HORSHAM Rural City Council and RACV have called for $842 million to address the city's road and public transport problems.
Improving the Western Highway, extending the Wimmera's passenger rail services and redirecting road and rail traffic out of Horsham's city centre are among key recommendations in a report to improve regional transport in Victoria.
The RACV's Regional Victoria Growing Pains report, released yesterday, highlighted the transport needs of 10 of the state's largest regional cities, including Horsham.
The report recognised Horsham Rural City's importance as a hub for the state and national highway system.
"Every day, 4000 private vehicles and 1500 trucks travel the highway west of Ballarat, with projections that this will double by 2025," the report showed.
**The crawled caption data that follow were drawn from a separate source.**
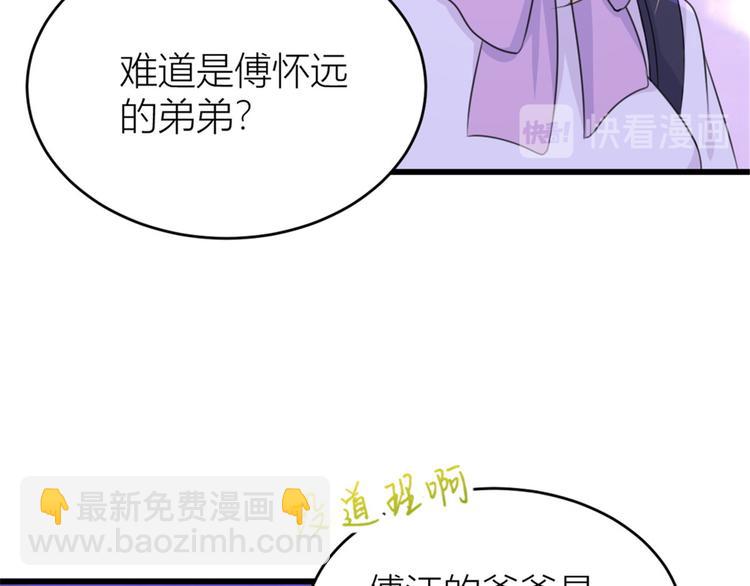 大佬失憶後只記得我 - 第31話 只是玩玩她(2/3) - 2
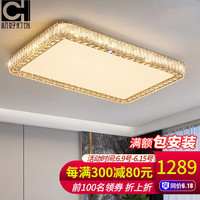 初好后现代轻奢水晶卧室吸顶灯奢华大气客厅主灯现代简约餐厅房间灯具 长90*60CM+无极调光+120W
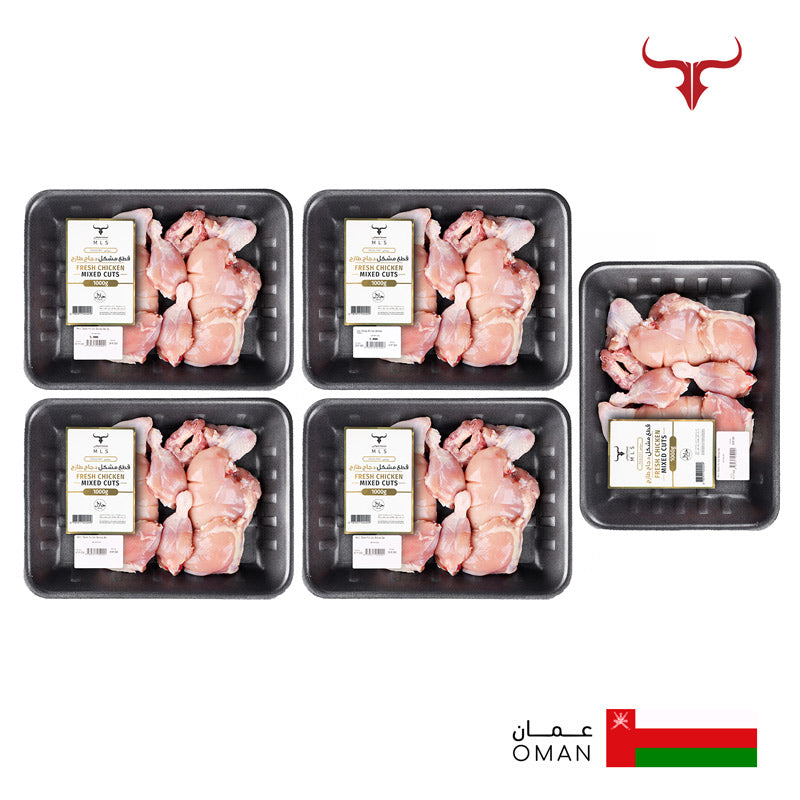 Omani ﻿Chicken Mix Cuts Skinless Box 5kg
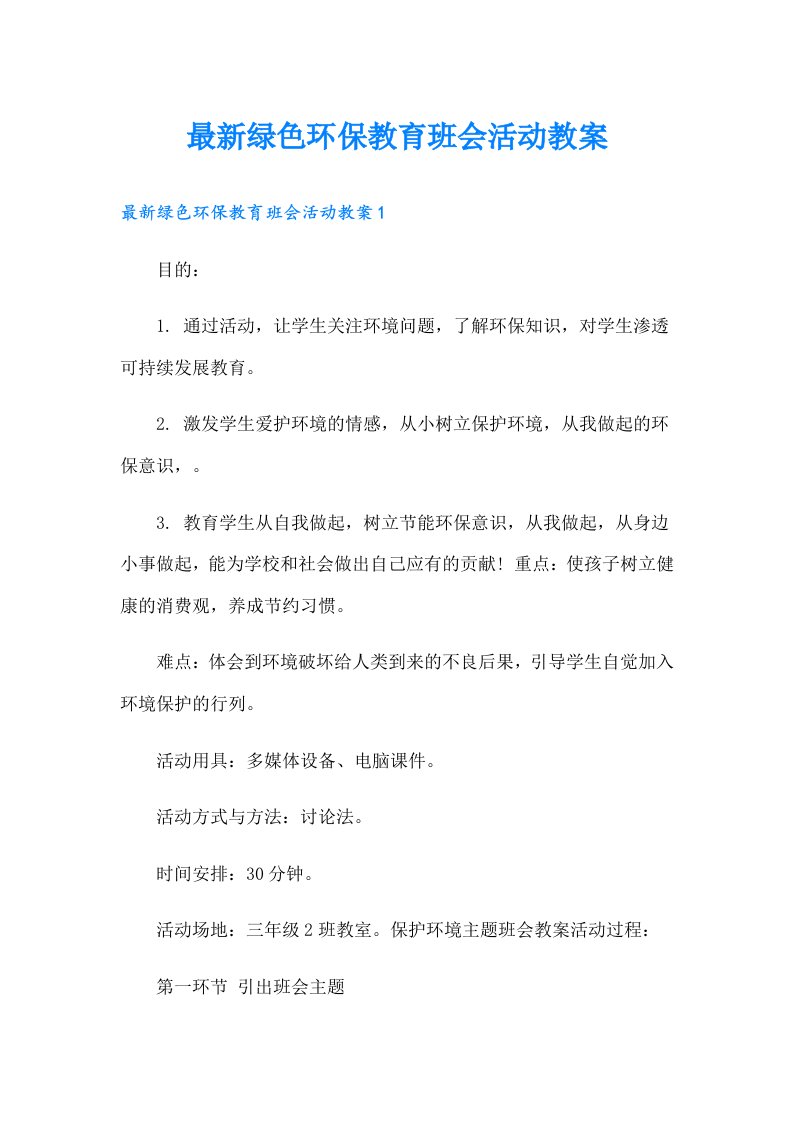 最新绿色环保教育班会活动教案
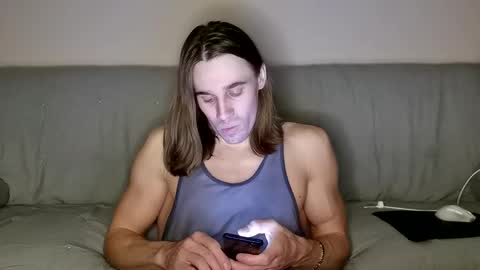 Snapshot of i_narcissus chatting on 02.12.25 narcissus online show from 02.12.25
"Further improvements to the Western Highway are needed, including duplication from Ballarat to Stawell and safety and capacity improvements beyond Stawell to the South Australian border."
Making these improvements topped a list of five recommendations specific to the municipality.
The RACV estimated continuing to improve the Western Highway including its complete duplication to Stawell and a minimum of three-star AusRAP safety standard to South Australia would cost about $606 million.
Next on the list was implementing a passenger shuttle rail service, extending from the Ararat railway station to Horsham and other Wimmera communities.
Horsham Rural City Council is among several Wimmera and south-west municipalities lobbying for money for a feasibility study.
Horsham Mayor David Grimble said he strongly supported RACV's recommendations.
"A commitment by the state and federal governments is urgently needed to continue the vital Western Highway duplication project, initially to Stawell," he said.
"This is a major artery, not just for Wimmera residents but also for the major freight link through to Adelaide and Perth."
Horsham council chief executive Peter Brown said improving the Western Highway and extending passenger rail services were among council's top priorities.
Another, also reflected in the RACV's report, was building a Horsham bypass for the Wimmera Highway.
Mr Brown said the bypass route was yet to be settled.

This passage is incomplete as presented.